And that is just the type of income-restricted property Norristown is trying to limit within its borders, said Council President William Caldwell, a Democrat.
"It probably would be a nice project, but I don't buy that it's a good thing for Norristown," he said. "I don't think it pushes our goals at all in deconcentrating poverty within our community."
Randolph, whose Cherry Hill-based Ingerman Group is behind the project, is used to this resistance from local leaders.
But more and more, he is hearing it from the communities that have historically accepted the affordable-housing developments in which his company specializes.
Municipalities such as Norristown, Upper Darby, and Coatesville have taken on a disproportionate share of the government-sponsored low-income housing stock over the last decade, and they are increasingly loath to welcome any more.
These growing pockets of poverty create a cycle that traps certain communities on the lower end of the development scale while allowing more affluent ones to flourish, Caldwell said.
"Morally, this country has a very large problem with economic segregation," he said. "You have rich communities, you have poor communities - and there's very little mixing in between."
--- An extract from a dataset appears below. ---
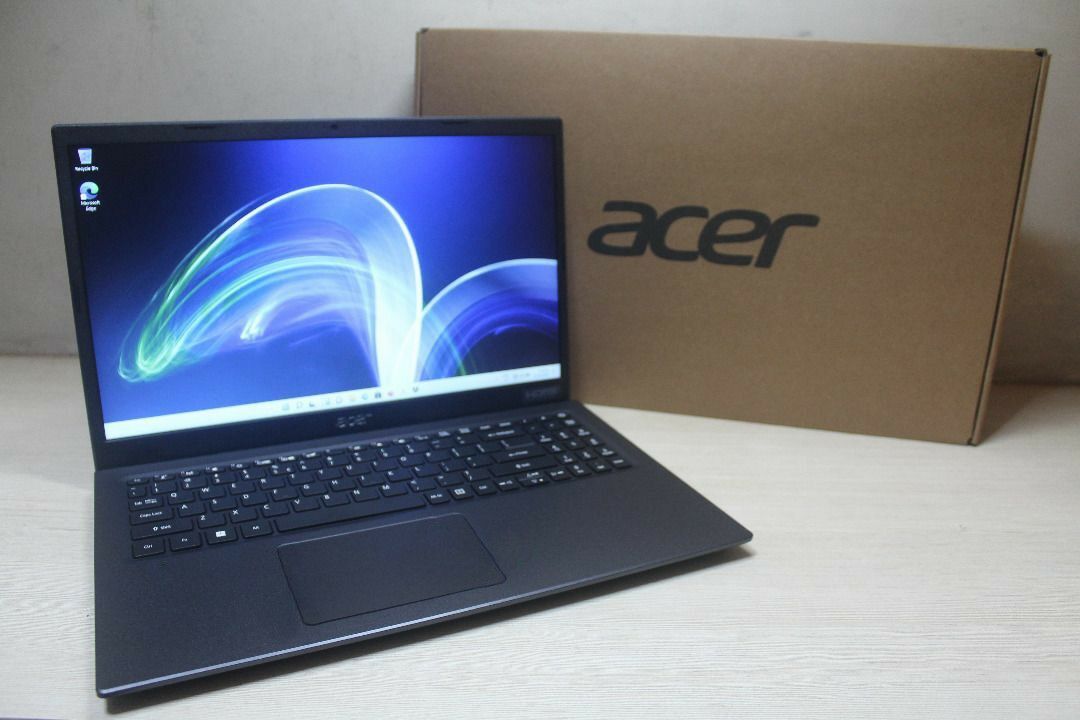 Acer Extensa 15/i3-12/256 ГБ - Aşgabat - img 4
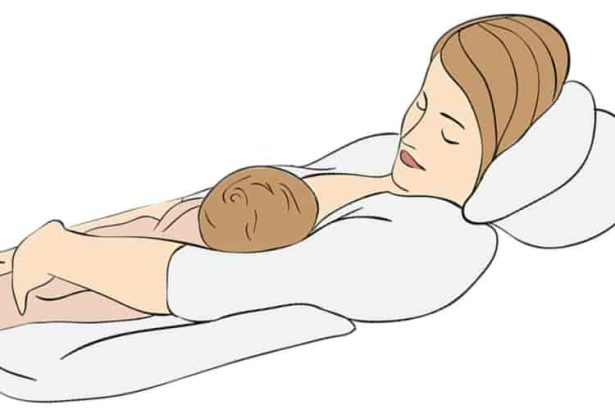 Anne Sütü Arttıran Besinler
Just two communities in Montgomery County - Norristown and Pottstown, where median incomes are about $34,000 below the countywide average - account for more than 60 percent of county residents who rely on federal housing vouchers.
The program, popularly known as Section 8, is designed to help low-income residents bridge the gap between what they can afford and market-rates prices.
Similar concentrations of low-income housing have sprung up in Upper Darby in Delaware County and Coatesville in Chester County.
How this economic segregation developed turns into a chicken-and-egg debate.